L’annuncio Var in un inglese stentato è già virale, la reazione dei giocatori pure: è andata meglio al somalo respinto dagli Usa
Fabio Tonesi

Fabio Tonesi

Giornalista

L'arbitro brasiliano Wilton Sampaio durante la partita inaugurale dei Mondiali - Foto Ansa © www.giornaledibrescia.it
L'arbitro brasiliano Wilton Sampaio durante la partita inaugurale dei Mondiali - Foto Ansa © www.giornaledibrescia.it

Dopo il debutto mondiale con Messico-Sudafrica, nelle stanze segrete della Fifa deve essere andata più o meno così. «Qualcuno aveva messo la conoscenza dell’inglese come requisito per arbitrare?». Silenzio... Sempre meglio del balbettio incomprensibile del direttore di gara brasiliano Wilton Sampaio, che all’84’ del primo match iridato era già diventato un meme vivente.

Tre rossi all’esordio sono un record, ma l’arbitro sarà ricordato per la spiegazione in un inglese stentato, davanti ai volti straniti di giocatori diventati a loro volta oggetto di risate planetarie.
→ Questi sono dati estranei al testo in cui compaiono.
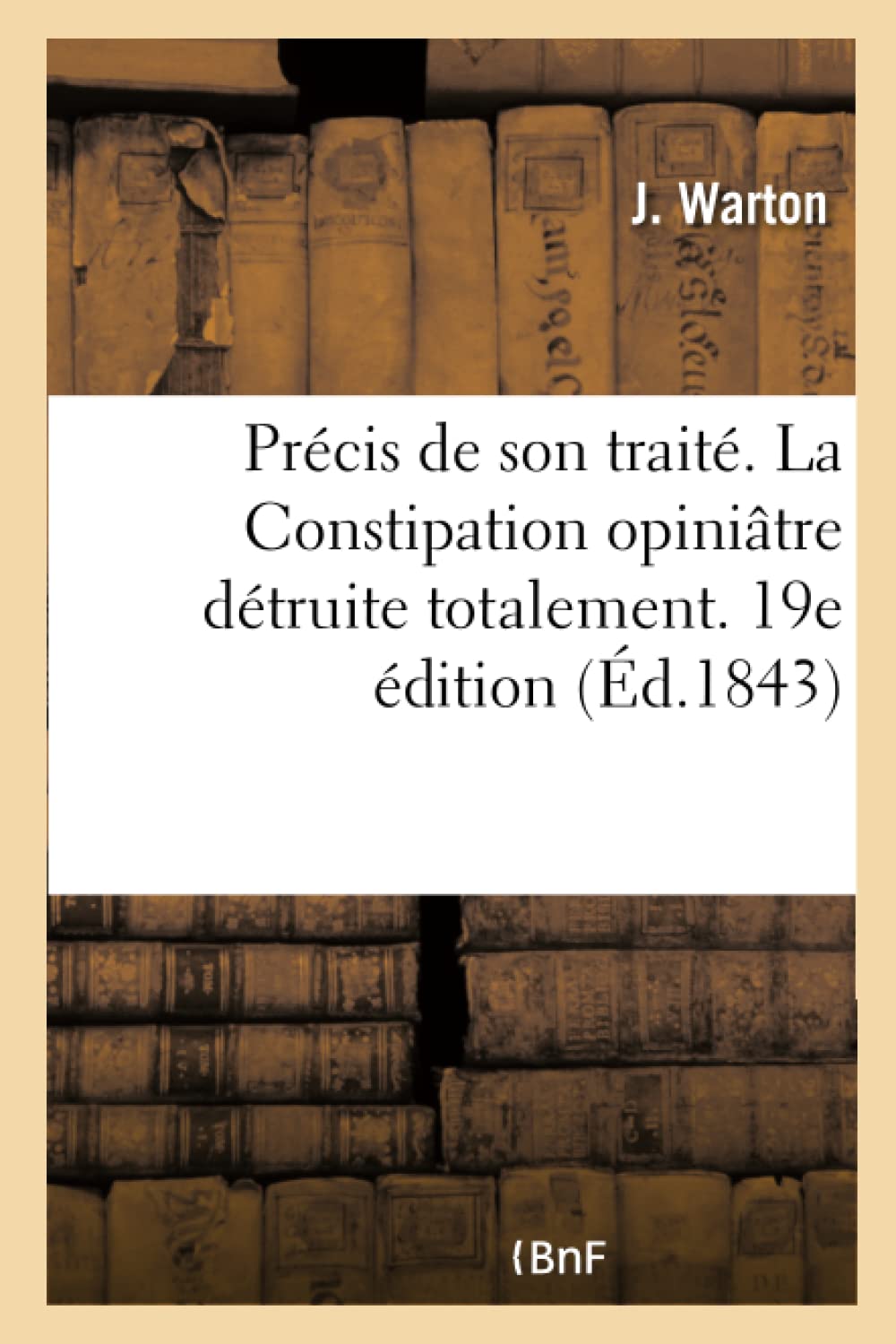 Précis de son traité. La Constipation opiniâtre détruite totalement. 19e édition book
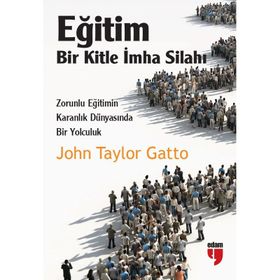 Eğitim Bir Kitle İmha Silahı - John Taylor Gatto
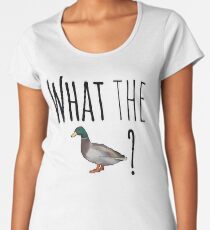 What the duck? Women's Premium T-Shirt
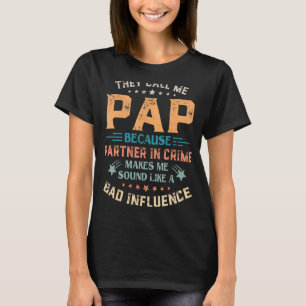 Mens They Call Me Pap Because Partner In Crime Fa T-Shirt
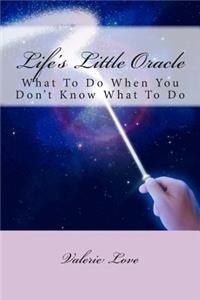 Life's Little Oracle: What To Do When You Don't Know What To Do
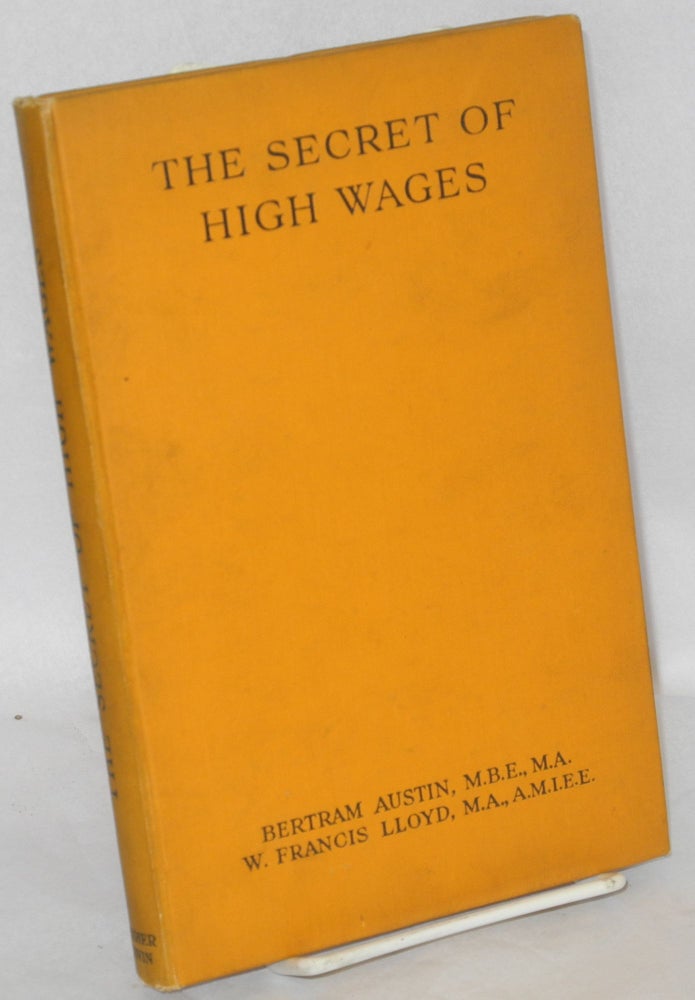 Cat.No: 143077 The Secret Of High Wages. Bertram Austin, W. Francis Lloyd.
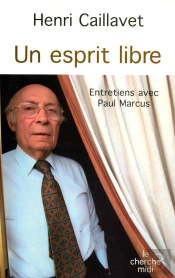 Un Esprit Libre Entretiens Avec Paul Marcus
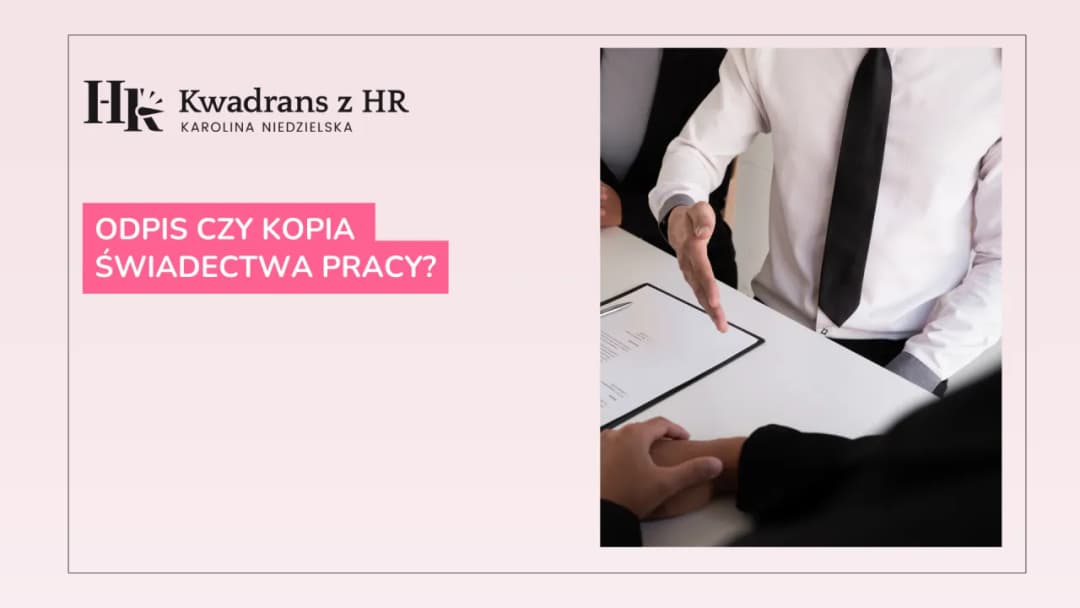Odpis świadectwa pracy z jaką datą? Uniknij błędów przy wystawianiu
A confronto del povero Sampaio, il famosissimo «noio vulevan savoir» di Antonio De Curtis in Totò, Peppino e la... malafemmina – pellicola cult del 1956 – era uno straordinario esempio di poliglottismo.

Non solo competenze

In tema arbitri, alla fine è andata meglio al somalo Omar Artan. Ha lasciato gli Usa perché gli è stato negato il visto, è tornato in patria da eroe e la Uefa ha deciso di affidargli la Supercoppa europea tra Psg e Aston Villa. Non sarà la guerra fredda, ma c’è ben poco di sportivo e tanto di politico in questa strana designazione.